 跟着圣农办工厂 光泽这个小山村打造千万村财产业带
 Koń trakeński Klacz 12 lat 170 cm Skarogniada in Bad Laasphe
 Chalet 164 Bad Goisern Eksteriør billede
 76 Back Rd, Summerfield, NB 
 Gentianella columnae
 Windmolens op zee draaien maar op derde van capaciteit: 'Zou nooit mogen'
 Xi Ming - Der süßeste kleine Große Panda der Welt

□ □ □

■ **WHAT IS NEEDED**:
Each line of the records must be reproduced exactly.

■ **WRITTEN ANSWER**:
 跟着圣农办工厂 光泽这个小山村打造千万村财产业带
 Koń trakeński Klacz 12 lat 170 cm Skarogniada in Bad Laasphe
 Chalet 164 Bad Goisern Eksteriør billede
 76 Back Rd, Summerfield, NB 
 Gentianella columnae
 Windmolens op zee draaien maar op derde van capaciteit: 'Zou nooit mogen'
 Xi Ming - Der süßeste kleine Große Panda der Welt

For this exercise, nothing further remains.